La distribution est sans failles jusque dans les plus petits rôles, chaque voix est typée et s’harmonise avec la personnalité théâtrale du rôle . Le chœur joue bien plus que d’ habitude et chante admirablement. Les danseurs sont épatants aussi drôles que virtuoses.
Un grand concert symphonique à l’opéra !
SI le théâtre est roi la musique est une souveraine absolue. Tugan Sokhiev qui vit cette partition avec passion en communique toute la fougue à son orchestre. Prokofiev permet des effets de couleurs irisées. Les associations d‘instruments originales et les nuances ciselées font exulter les instrumentistes, surtout les musiciens de scène acteurs épatants ! Mais la qualité la plus rare vient de l’humour avec lequel le chef rend perceptible la satire contenue dans la partition. En contre point, les rares moments lyriques semblent d’une infinie délicatesse. L’équilibre fosse/scéne est parfait. Les voix toujours compréhensibles et l’orchestre très présent, comme un vrai orchestre symphonique. Et le final de l‘opéra a une folie digne de Rossini. Ciselé comme une horlogerie suisse par un Tugan Sokhiev heureux et des musiciens virtuosissimes. Un Grand succès a été obtenu au rideau final pour toute l‘équipe venue saluer.
Les Toulousains ont été enchantés de retrouver une production si réussie et son chef chéri aussi heureux que doué dans la fosse. Pas étonnant que le Bolchoï l’ai choisi, car il s‘agit d’un vrai maestro di scena !

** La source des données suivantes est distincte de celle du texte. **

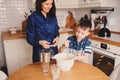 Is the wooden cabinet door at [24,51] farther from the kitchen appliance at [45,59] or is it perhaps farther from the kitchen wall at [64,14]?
the kitchen appliance at [45,59]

Toulouse.Théâtre du Capitole. Le 15 mai 2015. Sergueï Prokofiev (1891-1953) : Les fiançailles au couvent, Opéra lyrico-comique en quatre actes et neuf tableaux; Livret du compositeur assisté de Mira Alexandrovna Mendelson, d’après le livret d’opéra-comique de Richard B. Sheridan : La Duègne ou Le double enlèvement ; Création au Théâtre Kirov de Leningrad le 3 novembre 1946 ; Production Théâtre du Capitole / Opéra-Comique de 2011. Mise en scène, Martin Duncan ; Décors et costumes, Alison Chitty ; Lumières, Paul Pyant ; Chorégraphie, Ben Wright. Avec : John Graham Hall, Don Jérôme ; Gary Magee, Don Ferdinand ; Anastasia Kalagina, Louise ; Elena Sommer, la duègne ; Danil Shtoda, Don Antonio ; Anna Kiknadze, Clara d’Almanza ; Mikhail Kolelishvili, Isaac Mendoza ; Vladimir Kapshuk, Don Carlos ; Alexander Teliga, Père Augustin ; Vasily Efimov, Frère Elustaphe / Premier masque ; Marek Kalbus, Frère Chartreuse/Deuxième masque ; Thomas Dear, Frère Bénédictine / Troisième masque ;Chloé Chaume, Lauretta ; Catherine Alcoverro, Rosina ; Claude Minich, Premier novice / Pablo ; Emmanuel Parraga, Deuxième novice / Pedro ; Alfredo Poesina, Lopez ; Carlos Rodriguez, Miguel. Chœur du Capitole, direction, Alfonso Caiani ; Orchestre National du Capitole ; Direction musicale : Tugan Sokhiev.